561 F2d 169 Truelsen v. European Health Spa of Nebraska Inc
561 F.2d 169
Charles H. TRUELSEN, Trustee, Appellee,
EUROPEAN HEALTH SPA OF NEBRASKA, INC., a Colorado
Corporation, and European Health Spas, Inc., a
Utah Corporation, Appellants.
United States Court of Appeals,
Submitted Sept. 1, 1977.
Decided Sept. 8, 1977.
C. Keith Rooker and Clayton J. Parr, Salt Lake City, Utah, and Susman, Stern, Heifetz, Lurie & Sheehan, St. Louis, Mo., for appellants.
Harry H. Foulks, Omaha, Neb., for appellee.
Before GIBSON, Chief Judge, HEANEY, Circuit Judge, and DEVITT, District Judge.*
This is a diversity case for breach of contract. Defendants claimed the contract was void for lack of consideration, mutual mistake of fact and, in any event, denied any breach. The jury found against defendants on special interrogatories, and the District Court1 granted judgment for the plaintiff. Defendants appealed.

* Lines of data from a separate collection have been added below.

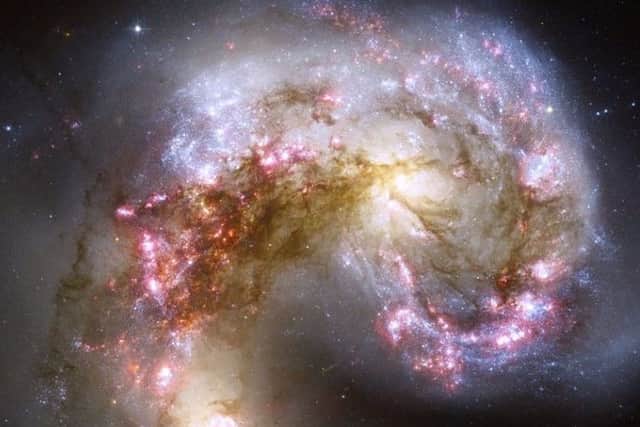 This is what a collision of galaxies looks like (Photo credit: NASA)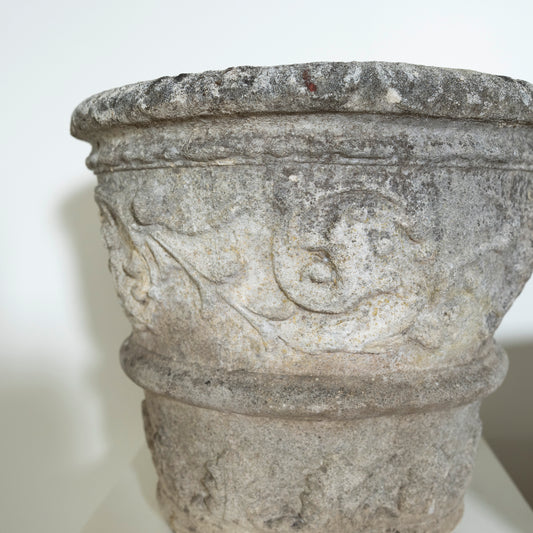 Decorative stone basin with intricate carvings on a white background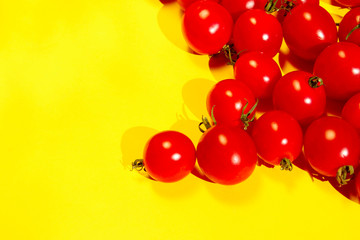 Red cherry tomatoes over yellow background. Colorful food background. Advertising, food ingredients concept.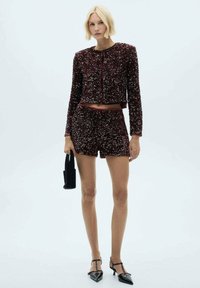 Burgundy sequined two-piece outfit featuring a cropped jacket and matching shorts; textured with a fitted design and contrasting trim.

Prior to June 1968, Interstate Investment, Inc. (Interstate) had leased property in Omaha, Nebraska, and had begun remodeling to open a health spa. Robert L. Rice, Ken Melbry and Les Workman were also interested in opening a spa in Omaha. Negotiations were held resulting in an agreement signed in June 1968 under which Interstate assigned its lease and all interest in the partially completed spa to defendant European Health Spa of Nebraska, Inc., (EHS). Interstate received 20% of the stock of EHS; the remaining 80% went to Rice, Melbry, Workman and their investors.2
The present litigation arose from an agreement entered into on March 20, 1970, that superseded the 1968 agreement. Under the 1970 agreement the 20%-80% stock proportion was restated even though reorganization had rendered it obsolete. In addition, the agreement provided that, beginning with September 1969, 8% of the after-tax gross income of EHS would be paid to Rice, Melbry and Workman and 2% of after-tax gross income would be paid to plaintiff Charles H. Truelsen as trustee.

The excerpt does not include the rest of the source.